Every person’s dietary preferences include being a vegetarian, vegan, or non-vegetarian. Each of them has advantages. However, few people understand how dietary choices can affect reproductive organs or pregnancy.
To learn more about how these preferences affect our bodies, we spoke with Haripriya N, Executive Nutritionist at Cloudnine OMR. She stated that no matter what diet a person chooses, if their nutritional needs are met, they can continue with it or change their preference at any stage of life.
However, when it comes to a vegan diet, it has been criticised for lacking nutrients that have been linked to menstrual cycle and pregnancy issues.
Vegan & Vegetarian Diet
The vegan diet consists solely of plant-based foods. It does not include any animal or dairy products. A vegetarian diet, on the other hand, includes dairy products. The vegan diet has shown to have numerous health benefits, including a lower risk of heart disease, type 2 diabetes, and a variety of metabolic disorders.
Nutritionists, on the other hand, cautioned against a diet deficient in vitamin B12, iron, omega-3 fatty acids, zinc, iodine, and calcium. As a result, vegans must consult a doctor for supplements to ensure their bodies are not deficient in any mineral or vitamin..
Benefits of Vegan and Vegetarian diet during Menstruartion
Going dairy-free, according to the nutritionist, can help with period cramps.
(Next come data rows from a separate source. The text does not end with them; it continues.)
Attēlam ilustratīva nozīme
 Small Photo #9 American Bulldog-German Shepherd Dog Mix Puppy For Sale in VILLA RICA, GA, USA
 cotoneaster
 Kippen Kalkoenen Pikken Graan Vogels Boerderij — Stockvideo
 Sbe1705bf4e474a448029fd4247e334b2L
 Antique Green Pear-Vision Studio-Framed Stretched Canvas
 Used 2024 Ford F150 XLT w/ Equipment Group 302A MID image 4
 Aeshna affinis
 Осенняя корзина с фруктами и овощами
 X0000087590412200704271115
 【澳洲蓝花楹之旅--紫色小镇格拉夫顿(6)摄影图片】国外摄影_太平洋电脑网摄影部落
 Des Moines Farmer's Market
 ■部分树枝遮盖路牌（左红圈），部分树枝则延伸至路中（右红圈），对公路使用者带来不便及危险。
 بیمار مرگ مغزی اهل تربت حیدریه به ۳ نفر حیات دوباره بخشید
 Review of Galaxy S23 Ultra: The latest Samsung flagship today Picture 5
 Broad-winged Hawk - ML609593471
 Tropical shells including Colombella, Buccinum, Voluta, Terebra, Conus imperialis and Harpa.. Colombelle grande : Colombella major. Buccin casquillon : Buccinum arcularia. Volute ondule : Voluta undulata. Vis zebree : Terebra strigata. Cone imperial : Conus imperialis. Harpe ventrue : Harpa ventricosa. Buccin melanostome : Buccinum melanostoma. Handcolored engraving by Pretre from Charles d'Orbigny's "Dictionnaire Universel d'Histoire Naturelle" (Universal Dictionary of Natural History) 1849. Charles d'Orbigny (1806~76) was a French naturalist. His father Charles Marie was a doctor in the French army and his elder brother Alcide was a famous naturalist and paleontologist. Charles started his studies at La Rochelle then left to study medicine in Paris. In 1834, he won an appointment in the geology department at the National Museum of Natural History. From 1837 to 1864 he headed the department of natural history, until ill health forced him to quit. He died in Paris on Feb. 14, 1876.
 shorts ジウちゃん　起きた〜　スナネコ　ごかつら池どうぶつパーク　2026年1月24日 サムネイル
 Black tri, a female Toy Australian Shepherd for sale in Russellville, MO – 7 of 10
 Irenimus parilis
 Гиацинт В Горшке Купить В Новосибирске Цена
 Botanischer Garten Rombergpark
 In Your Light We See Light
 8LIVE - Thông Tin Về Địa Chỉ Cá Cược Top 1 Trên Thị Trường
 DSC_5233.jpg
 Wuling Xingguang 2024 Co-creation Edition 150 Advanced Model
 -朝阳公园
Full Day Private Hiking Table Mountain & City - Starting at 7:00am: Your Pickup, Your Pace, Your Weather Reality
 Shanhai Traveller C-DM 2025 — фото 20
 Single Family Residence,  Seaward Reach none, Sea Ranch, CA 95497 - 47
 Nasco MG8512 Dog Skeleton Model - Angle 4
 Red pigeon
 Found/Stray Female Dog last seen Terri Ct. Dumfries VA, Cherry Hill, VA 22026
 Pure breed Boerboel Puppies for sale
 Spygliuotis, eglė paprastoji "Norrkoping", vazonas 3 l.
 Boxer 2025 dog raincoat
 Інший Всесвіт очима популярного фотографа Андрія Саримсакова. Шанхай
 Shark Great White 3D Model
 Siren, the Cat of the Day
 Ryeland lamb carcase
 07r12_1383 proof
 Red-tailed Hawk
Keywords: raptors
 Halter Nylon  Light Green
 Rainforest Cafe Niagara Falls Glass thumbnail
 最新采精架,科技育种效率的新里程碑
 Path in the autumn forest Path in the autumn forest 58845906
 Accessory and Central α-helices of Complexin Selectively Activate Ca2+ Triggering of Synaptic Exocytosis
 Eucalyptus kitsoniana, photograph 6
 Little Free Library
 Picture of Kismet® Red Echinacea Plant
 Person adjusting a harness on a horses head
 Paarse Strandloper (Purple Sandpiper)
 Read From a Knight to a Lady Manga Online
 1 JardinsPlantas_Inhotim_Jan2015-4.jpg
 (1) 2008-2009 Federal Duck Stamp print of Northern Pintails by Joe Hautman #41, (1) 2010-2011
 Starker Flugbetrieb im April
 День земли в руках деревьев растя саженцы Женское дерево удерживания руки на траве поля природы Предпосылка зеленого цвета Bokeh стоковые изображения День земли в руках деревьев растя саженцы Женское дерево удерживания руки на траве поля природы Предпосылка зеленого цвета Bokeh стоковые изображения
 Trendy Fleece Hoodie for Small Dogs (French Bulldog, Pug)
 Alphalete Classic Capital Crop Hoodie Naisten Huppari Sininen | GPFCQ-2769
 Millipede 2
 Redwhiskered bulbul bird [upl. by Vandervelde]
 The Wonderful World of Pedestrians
She went on to say that dairy products cause heavy bleeding and increased pain because A1 casein causes histamine and mast cell response.
Dairy, gluten, and eggs can all aggravate endometriosis. According to the expert, consuming low-fat dairy products and following a vegan diet for at least two cycles can significantly reduce period pain. It may be related to an increase in fibre consumption.
“There is evidence that magnesium and calcium, potassium and other electrolytes, omega 3 fatty acids, and folate, along with omega 3 fatty acids and folate, may help reduce menstrual cramps and pain.”
According to studies, eating a plant-based diet puts people at risk of nutrient deficiencies, particularly iron deficiency, but this is not the case for every vegan or vegetarian. Iron-rich foods include beans, spinach, kale, navy beans, kidney beans, chickpeas, tofu, cereals, fruits, nuts, and so on. You should also consume vitamin C-rich foods to ensure proper iron absorption in the body.